Assigned task. Transcribe the listing below exactly, without pictures.

Data extract.
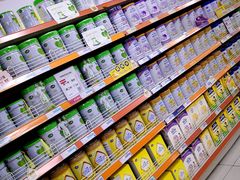 -银座商城(玉函店)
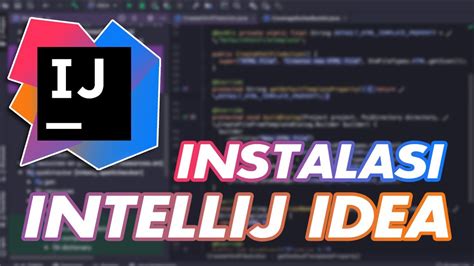Tutorial IntelliJ Bahasa Indonesia 的图像结果
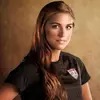 Terry Guzman - @terry.guzman3 - TikTok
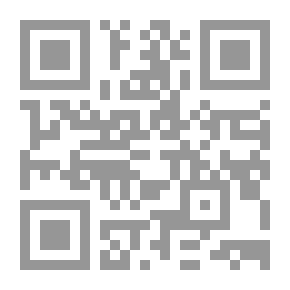 Qr Code الدراما في التعليم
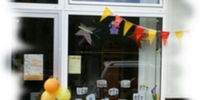Nutzerfoto 1 WICHTELCLUB Kinderbetreuung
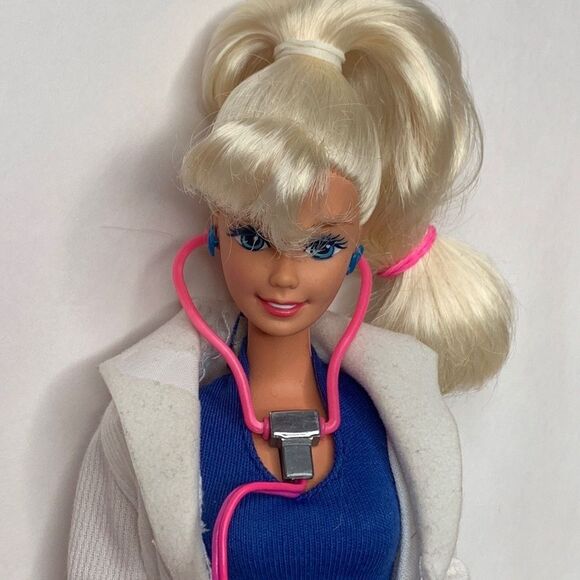 Barbie Night in Canada Live Show - Picture 8 of 12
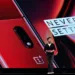 Former OnePlus co-founder, Carl Pei, unveils its new brand "Nothing"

Task output.
 -银座商城(玉函店)
Tutorial IntelliJ Bahasa Indonesia 的图像结果
 Terry Guzman - @terry.guzman3 - TikTok
 Qr Code الدراما في التعليم
Nutzerfoto 1 WICHTELCLUB Kinderbetreuung
 Barbie Night in Canada Live Show - Picture 8 of 12
 Former OnePlus co-founder, Carl Pei, unveils its new brand "Nothing"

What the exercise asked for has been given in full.